14.9. Government Users. If you are a branch or agency of the United States Government, the Graphiant Solutions and any other services provided by Graphiant hereunder, are comprised of “commercial computer software” and “commercial computer software documentation” as such terms are used in 49 C.F.R. 12.212, and are provided to you either (i) for acquisition by or on behalf of civilian agencies, consistent with the policy set forth in 48 C.F.R. 12.212 or (ii) for acquisition by or on behalf of units of the Department of Defense, consistent with policies set forth in 48 C.F.R. 227.7202-1 and 227.7202-3.
14.10. Independent Contractors. The parties to this Agreement are independent contractors. There is no relationship of partnership, joint venture, employment, franchise, or agency created hereby between the Parties. Neither Party will have the power to bind the other or incur obligations on the other Party’s behalf without the other Party’s prior written consent.
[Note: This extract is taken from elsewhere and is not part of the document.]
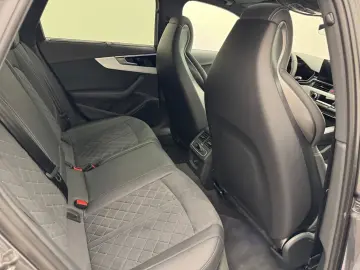 AUDI S4 Lim. TDI Quattro 341PS CompetitionPlus BLACK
14.11. Governing law; Venue. This Agreement shall be governed by the laws of the United States of America and the State of California, excluding its conflict of laws rules. The United Nations Convention on the International Sale of Goods and the Uniform Computer Information Transactions Act are specifically excluded from application to this Agreement. The Parties hereby submit to the exclusive jurisdiction of, and waive any venue jurisdiction or venue objections against, the state and Federal courts located in Santa Clara County, California.